- [What needs to be done]:
Every line of the data below should be printed exactly.

- [Data to process]:
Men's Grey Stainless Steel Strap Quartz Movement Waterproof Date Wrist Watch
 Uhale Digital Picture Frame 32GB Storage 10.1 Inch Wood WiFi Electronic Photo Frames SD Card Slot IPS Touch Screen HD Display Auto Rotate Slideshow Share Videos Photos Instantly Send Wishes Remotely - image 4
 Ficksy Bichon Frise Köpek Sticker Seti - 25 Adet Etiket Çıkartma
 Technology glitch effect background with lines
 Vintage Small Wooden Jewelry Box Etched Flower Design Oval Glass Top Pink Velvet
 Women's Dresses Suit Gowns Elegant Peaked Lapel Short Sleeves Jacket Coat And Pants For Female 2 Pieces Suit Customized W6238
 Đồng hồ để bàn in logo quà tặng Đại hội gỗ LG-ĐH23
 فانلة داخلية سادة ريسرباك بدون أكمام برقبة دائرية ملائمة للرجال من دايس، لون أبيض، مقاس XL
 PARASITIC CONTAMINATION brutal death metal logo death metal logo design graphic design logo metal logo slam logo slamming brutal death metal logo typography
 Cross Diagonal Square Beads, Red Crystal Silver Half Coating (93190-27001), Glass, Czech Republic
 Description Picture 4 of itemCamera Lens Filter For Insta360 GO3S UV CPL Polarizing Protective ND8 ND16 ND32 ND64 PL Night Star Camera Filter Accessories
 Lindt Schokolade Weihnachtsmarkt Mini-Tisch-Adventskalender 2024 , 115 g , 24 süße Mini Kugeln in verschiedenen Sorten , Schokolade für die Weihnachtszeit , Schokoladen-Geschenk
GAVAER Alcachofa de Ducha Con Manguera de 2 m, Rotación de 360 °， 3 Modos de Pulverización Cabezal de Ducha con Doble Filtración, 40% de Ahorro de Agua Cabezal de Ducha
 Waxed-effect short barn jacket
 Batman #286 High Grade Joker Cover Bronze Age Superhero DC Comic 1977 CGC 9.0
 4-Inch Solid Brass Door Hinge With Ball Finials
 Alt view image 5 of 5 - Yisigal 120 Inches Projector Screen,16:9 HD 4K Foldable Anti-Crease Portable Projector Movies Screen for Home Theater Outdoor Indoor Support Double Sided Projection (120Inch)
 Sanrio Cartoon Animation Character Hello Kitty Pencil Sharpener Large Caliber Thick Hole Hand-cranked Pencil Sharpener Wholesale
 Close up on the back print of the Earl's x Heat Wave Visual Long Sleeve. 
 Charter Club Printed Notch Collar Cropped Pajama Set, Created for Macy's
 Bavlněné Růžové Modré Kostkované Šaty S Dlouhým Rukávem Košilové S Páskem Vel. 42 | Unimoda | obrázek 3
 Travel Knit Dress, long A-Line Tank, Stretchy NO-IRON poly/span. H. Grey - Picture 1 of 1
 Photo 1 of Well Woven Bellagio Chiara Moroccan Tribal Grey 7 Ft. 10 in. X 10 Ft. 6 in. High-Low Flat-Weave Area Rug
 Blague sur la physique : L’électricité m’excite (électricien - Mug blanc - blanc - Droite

- [Problem solution]:
Men's Grey Stainless Steel Strap Quartz Movement Waterproof Date Wrist Watch
 Uhale Digital Picture Frame 32GB Storage 10.1 Inch Wood WiFi Electronic Photo Frames SD Card Slot IPS Touch Screen HD Display Auto Rotate Slideshow Share Videos Photos Instantly Send Wishes Remotely - image 4
 Ficksy Bichon Frise Köpek Sticker Seti - 25 Adet Etiket Çıkartma
 Technology glitch effect background with lines
 Vintage Small Wooden Jewelry Box Etched Flower Design Oval Glass Top Pink Velvet
 Women's Dresses Suit Gowns Elegant Peaked Lapel Short Sleeves Jacket Coat And Pants For Female 2 Pieces Suit Customized W6238
 Đồng hồ để bàn in logo quà tặng Đại hội gỗ LG-ĐH23
 فانلة داخلية سادة ريسرباك بدون أكمام برقبة دائرية ملائمة للرجال من دايس، لون أبيض، مقاس XL
 PARASITIC CONTAMINATION brutal death metal logo death metal logo design graphic design logo metal logo slam logo slamming brutal death metal logo typography
 Cross Diagonal Square Beads, Red Crystal Silver Half Coating (93190-27001), Glass, Czech Republic
 Description Picture 4 of itemCamera Lens Filter For Insta360 GO3S UV CPL Polarizing Protective ND8 ND16 ND32 ND64 PL Night Star Camera Filter Accessories
 Lindt Schokolade Weihnachtsmarkt Mini-Tisch-Adventskalender 2024 , 115 g , 24 süße Mini Kugeln in verschiedenen Sorten , Schokolade für die Weihnachtszeit , Schokoladen-Geschenk
GAVAER Alcachofa de Ducha Con Manguera de 2 m, Rotación de 360 °， 3 Modos de Pulverización Cabezal de Ducha con Doble Filtración, 40% de Ahorro de Agua Cabezal de Ducha
 Waxed-effect short barn jacket
 Batman #286 High Grade Joker Cover Bronze Age Superhero DC Comic 1977 CGC 9.0
 4-Inch Solid Brass Door Hinge With Ball Finials
 Alt view image 5 of 5 - Yisigal 120 Inches Projector Screen,16:9 HD 4K Foldable Anti-Crease Portable Projector Movies Screen for Home Theater Outdoor Indoor Support Double Sided Projection (120Inch)
 Sanrio Cartoon Animation Character Hello Kitty Pencil Sharpener Large Caliber Thick Hole Hand-cranked Pencil Sharpener Wholesale
 Close up on the back print of the Earl's x Heat Wave Visual Long Sleeve. 
 Charter Club Printed Notch Collar Cropped Pajama Set, Created for Macy's
 Bavlněné Růžové Modré Kostkované Šaty S Dlouhým Rukávem Košilové S Páskem Vel. 42 | Unimoda | obrázek 3
 Travel Knit Dress, long A-Line Tank, Stretchy NO-IRON poly/span. H. Grey - Picture 1 of 1
 Photo 1 of Well Woven Bellagio Chiara Moroccan Tribal Grey 7 Ft. 10 in. X 10 Ft. 6 in. High-Low Flat-Weave Area Rug
 Blague sur la physique : L’électricité m’excite (électricien - Mug blanc - blanc - Droite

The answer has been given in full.